Frade dominicano estimula que sociedade debata abertamente alguns dogmas da igreja, como engenharia genética, métodos contraceptivos, homossexualidade e evolucionismo

Entre o céu e a terra

Flávio Ferreira
colaboração para a Folha

Quem vê o teólogo e frade dominicano Carlos Josaphat, 82, trabalhando serenamente entre seus livros e seu computador não imagina como ele é bom de briga. Suas ferramentas de luta sempre foram as idéias e as palavras. Quando ajudou a fundar o jornal "Brasil Urgente", em 1963, já tinha uma história de pregação na qual dizia que o importante não era criar calos nos joelhos de tanto rezar, mas ver a realidade como ela é e ter a religião como inspiradora de atitudes concretas.
A atuação política de Josephat contra a ditadura militar levou-o a ser "convidado" a deixar o país em 1964. No exílio na França, doutorou-se em teologia e lecionou na Universidade de Friburgo (Suíça) por 27 anos. Nesse período, chamou a atenção dos intelectuais europeus por sua visão progressista em relação a temas considerados dogmas pela igreja. Em entrevista ao Sinapse, Josaphat defende, por exemplo, o direito de os casais usarem métodos contraceptivos artificiais.
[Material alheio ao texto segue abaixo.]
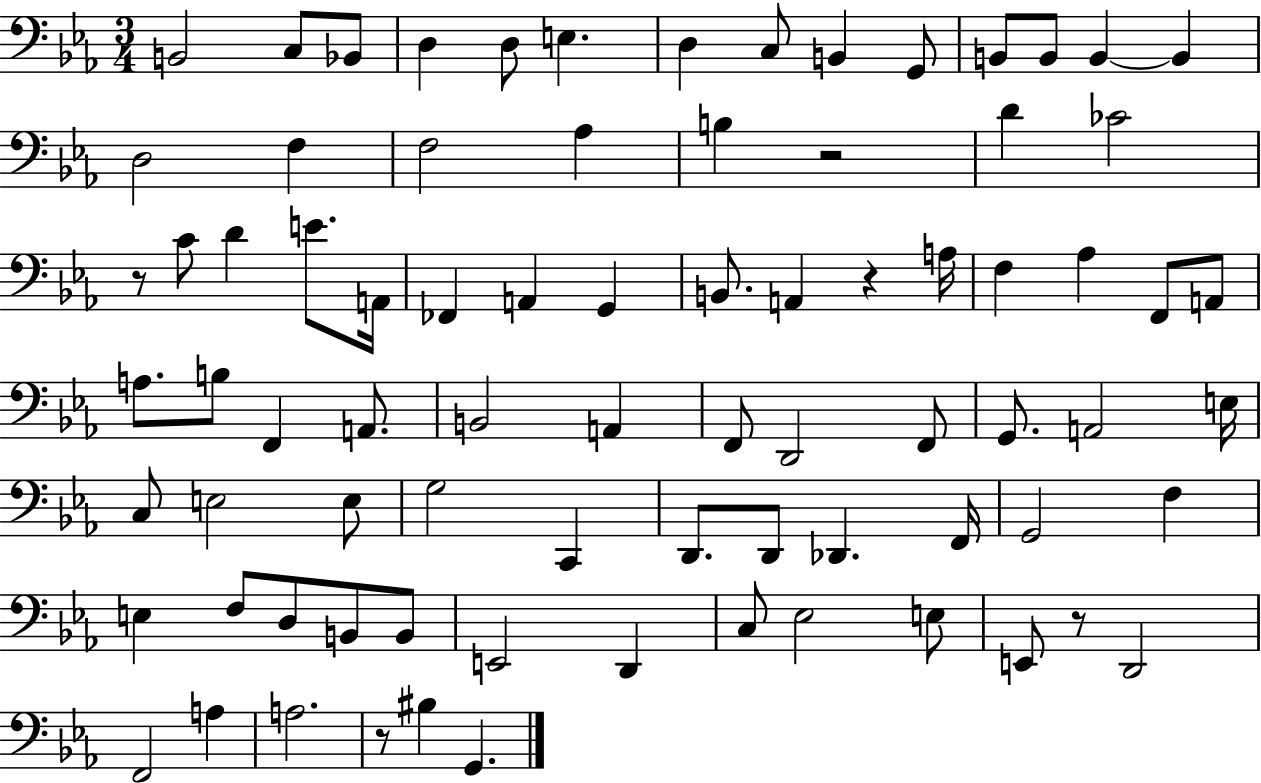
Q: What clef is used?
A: bass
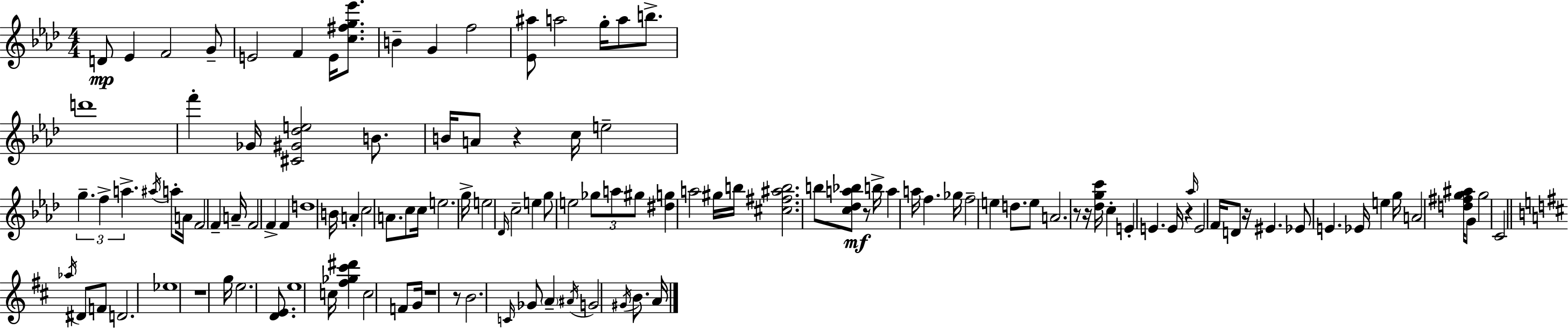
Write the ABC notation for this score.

X:1
T:Untitled
M:4/4
L:1/4
K:Ab
D/2 _E F2 G/2 E2 F E/4 [c^fg_e']/2 B G f2 [_E^a]/2 a2 g/4 a/2 b/2 d'4 f' _G/4 [^C^G_de]2 B/2 B/4 A/2 z c/4 e2 g f a ^a/4 a/2 A/4 F2 F A/4 F2 F F d4 B/4 A c2 A/2 c/2 c/4 e2 g/4 e2 _D/4 c2 e g/2 e2 _g/2 a/2 ^g/2 [^dg] a2 ^g/4 b/4 [^c^f^ab]2 b/2 [c_da_b]/2 z/2 b/4 a a/4 f _g/4 f2 e d/2 e/2 A2 z/2 z/4 [_dgc']/4 c E E E/4 z _a/4 E2 F/4 D/2 z/4 ^E _E/2 E _E/4 e g/4 A2 [d^fg^a]/4 G/2 g2 C2 _a/4 ^D/2 F/2 D2 _e4 z4 g/4 e2 [DE]/2 e4 c/4 [^f_g^c'^d'] c2 F/2 G/4 z4 z/2 B2 C/4 _G/2 A ^A/4 G2 ^G/4 B/2 A/4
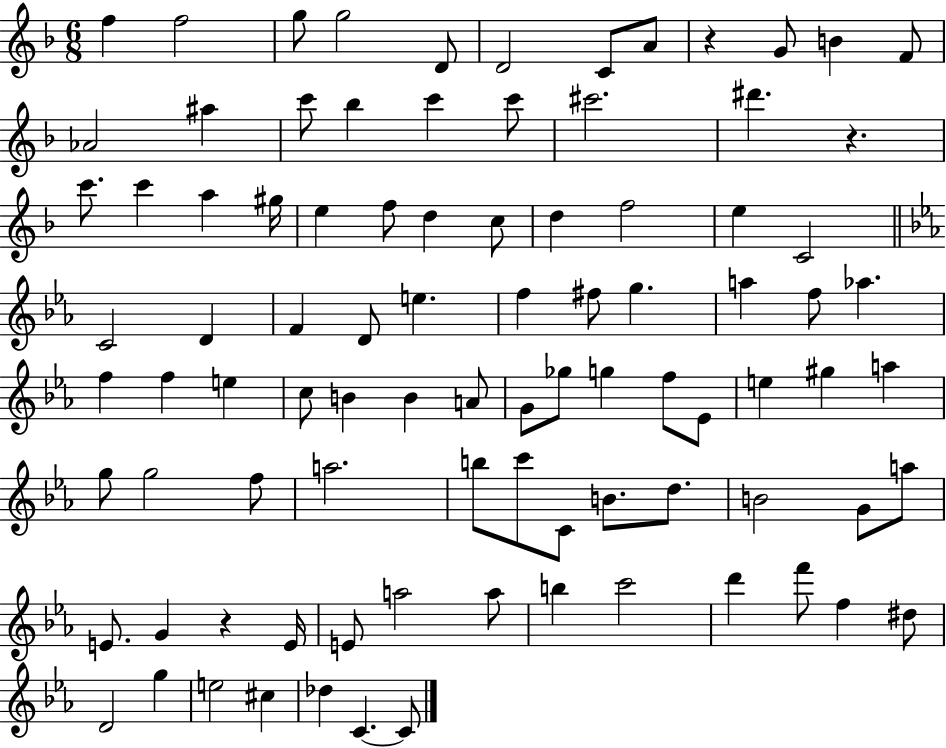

Ao falar sobre a Aids, afirma que os que combatem o uso de preservativos podem "estar cometendo um crime".
Josaphat foi homenageado, em 2002, com o lançamento do livro "Utopia Urgente - Escritos em Homenagem a Frei Carlos Josaphat nos Seus 80 Anos", do qual participaram Antonio Candido, Alfredo Bosi, Dalmo de Abreu Dallari e Plínio de Arruda Sampaio, entre outros. Hoje, além de escrever artigos e livros, ele dá aulas na Escola Dominicana de Teologia e celebra missas na igreja de São Domingos, ambas em São Paulo. Lá é possível ver gente torcendo o nariz quando seus sermões instigam os fiéis a deixar o comodismo de uma religião só de "pais-nossos" e "ave-marias".
 

Sinapse - É possível conciliar razão e fé?
Frei Carlos Josaphat -
O ser humano tem a capacidade de entender e realizar feitos notáveis, mas há muitos problemas que não encontram solução nos simples limites da razão. Por exemplo, hoje, analisamos muito bem o que é a morte física, mas qual é o significado da morte? Há algo para além dela? Essas são questões racionais, mas que não encontram respostas plenas com as informações de que o homem dispõe por meio da ciência ou da filosofia. A fé e a razão podem coexistir muito bem em uma pessoa. Mas, se eu tenho um problema que necessite de uma abordagem racional, não devo recorrer à fé. Se ele está além de verificação e demonstração pela razão, posso e devo buscar um sentido de sabedoria transcendente para essas questões.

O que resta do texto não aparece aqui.